Target Takes Stock, Assesses Direction
May 23, 2005,
Minneapolis — Target executives touched on a variety of topics last week during their annual talk with the press, including the health of the home department, the direction of direct importing and the implications of the Saks Inc. chargebacks case.
Since a number of new lines rolled out with the spring set in early March, Steinhafel described performance judgments as “somewhat premature,” but went on to assess a few of the retailer's captive brands. Isaac Mizrahi has been exceeding expectations, Fieldcrest has been meeting expectations and Woolrich has been “a little bit better” than expected, he said.

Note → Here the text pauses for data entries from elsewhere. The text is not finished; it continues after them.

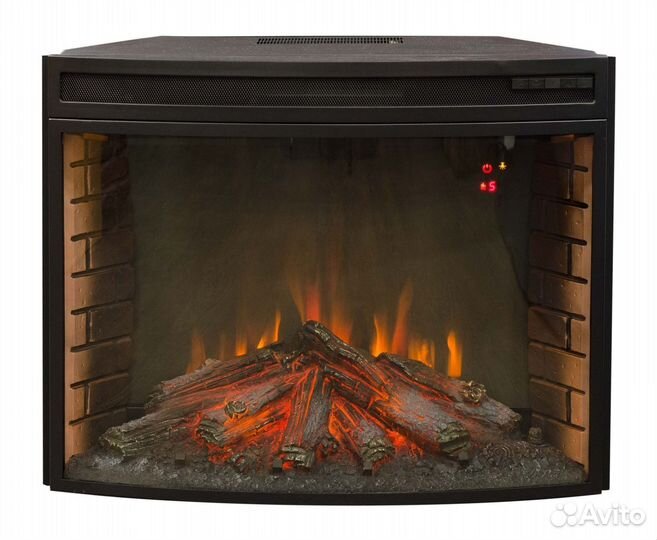 Электрокамины, очаги электрические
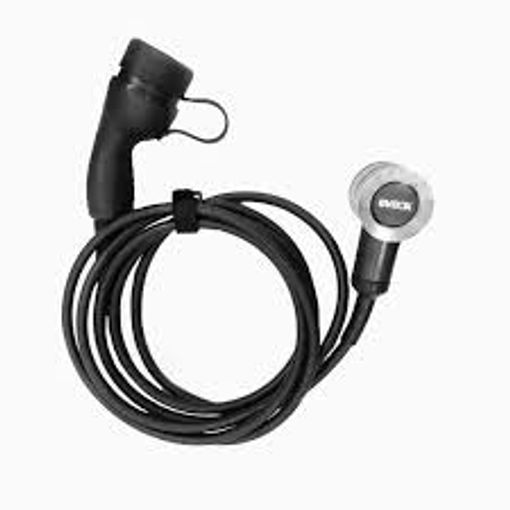 Hleðslukapall T1-32A, ELVI stöð, 7,4 kW, 8 m vörumynd - mynd 1 af 1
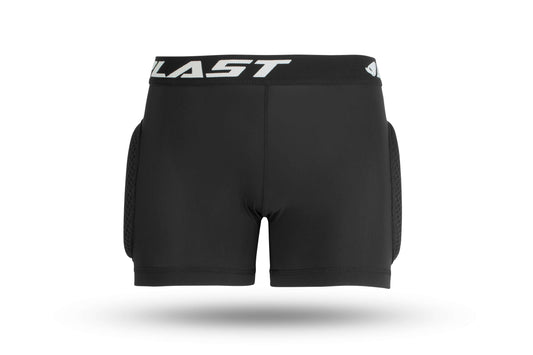 SHORTS BOY REBORN MV6 PROTEZIONE ANCA (SOFT) UFO PLAST / NERO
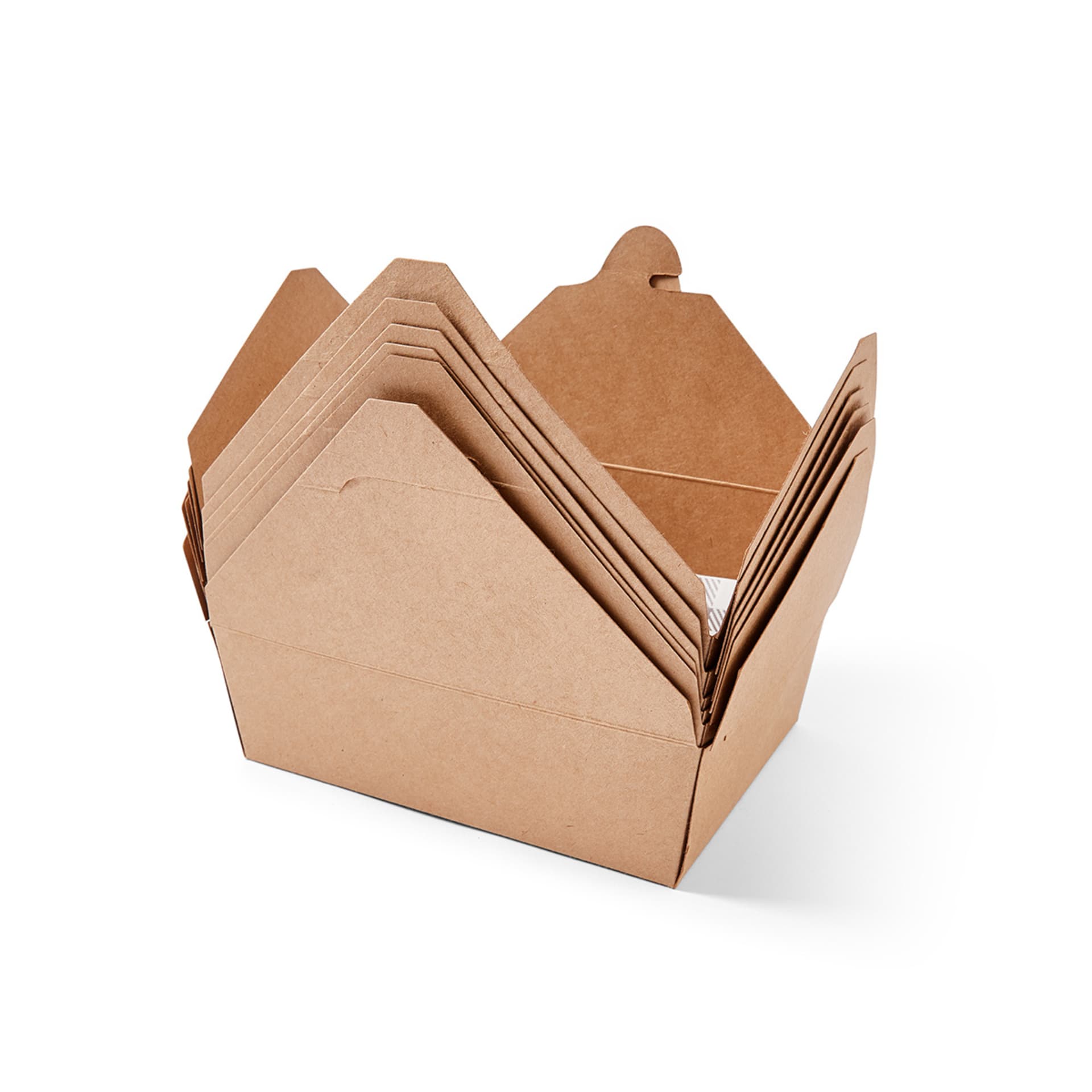 Kraft Paper Food Boxes Kmart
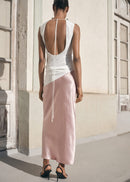 MANGO RAIDA 17094424-81 MANGO WOMEN SKIRT-8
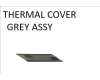 Asus 13NR0D91AP0601 G634JY-1A THERMAL COVER GREY ASSY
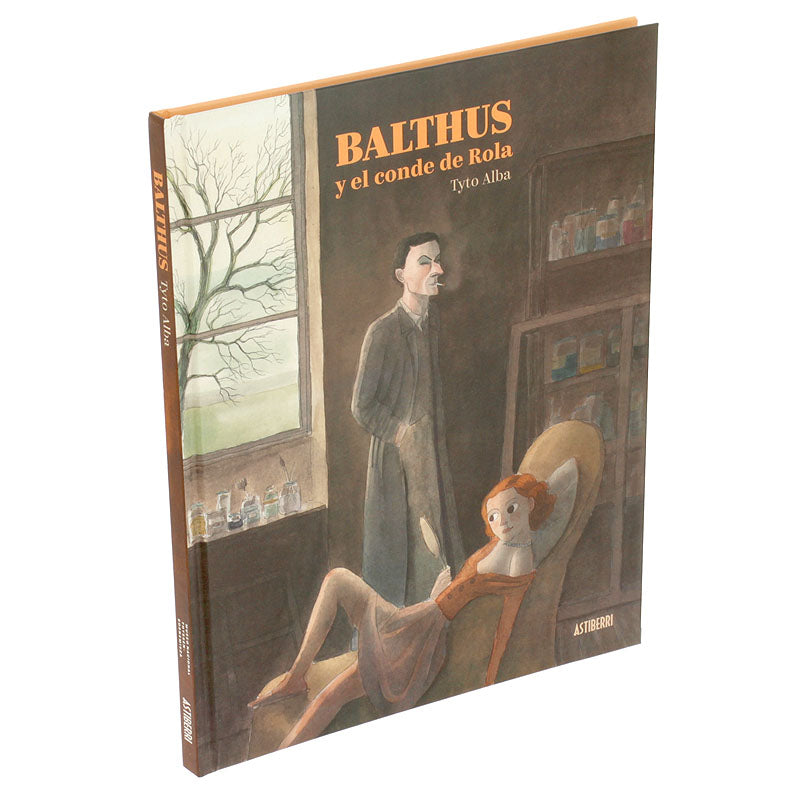 Cómic Balthus y el Conde de Rola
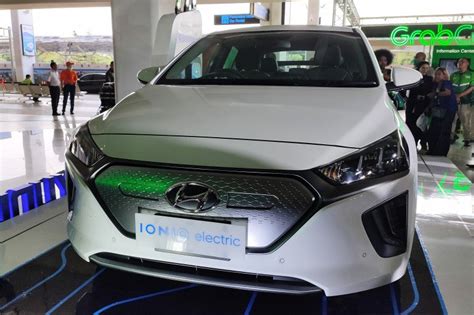 Spesifikasi Hyundai Ioniq Taksi Tenaga Listrik Pertama Di Indonesia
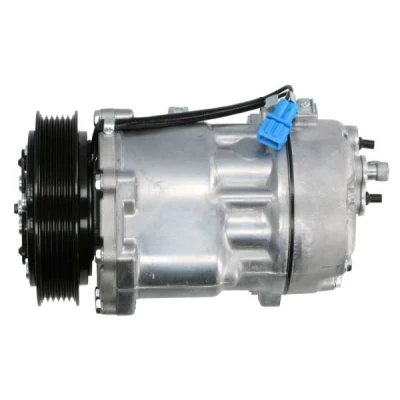 Imagen de THERMOTEC KTT095007 Compresor de Aire Acondicionado SD7V16 PAG 100 VOLKSWAGEN: Transporter 4 Bus,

Steinhafal declined to disclose what percentage of the home department is handled on a direct import basis, but said the ratio for the overall store is 25 to 30 percent — and there's room to grow that business significantly.
“We still think there is a lot of opportunity to increase our import business,” said Steinhafel. “We are a retailer and we are a manufacturer, too, when it comes to that.”
He added that the gross margin increases Target realizes through its direct imports offset the added expense of the extra staffing in product development and the cost of holding inventory.
Said Doug Scovanner, executive vice president and chief financial officer, “We are adding expense, we are adding huge numbers of high-salary jobs” to expand product development. He said the number of new jobs related to direct importing runs in the thousands — “some directly traceable to direct imports, some not as directly.”
Target operates 58 sourcing offices in 40 countries.
Asked whether the chargebacks suit against Saks Inc. will impact retailers at large, Scovanner said: “There's nothing wrong with chargebacks per se.” He noted that chargebacks have long been part of the buying equation between retailers and vendors. He added that Target works hard “to assure to the highest reasonable degree” that its own chargebacks are fair and accurate.
In terms of the general pace of sales, Scovanner said first quarter transaction levels rose 2 to 3 percent.
On the subject of pricing, Scovanner said that the majority of merchandise is sold at regular price or at clearance prices. Promotional price items featured in Target circulars account for a small portion of sales, he said.
Steinhafel noted that consumer reaction to the Global Bazaar program — which ran for six weeks earlier in the year — has given merchants “the encouragement to probe upward” in pricing.
Although Target is testing how high its top end can go, Chairman and CEO Bob Ulrich noted during the shareholder meeting that Target continues to match Wal-Mart's pricing in local markets on commodities and other like merchandise.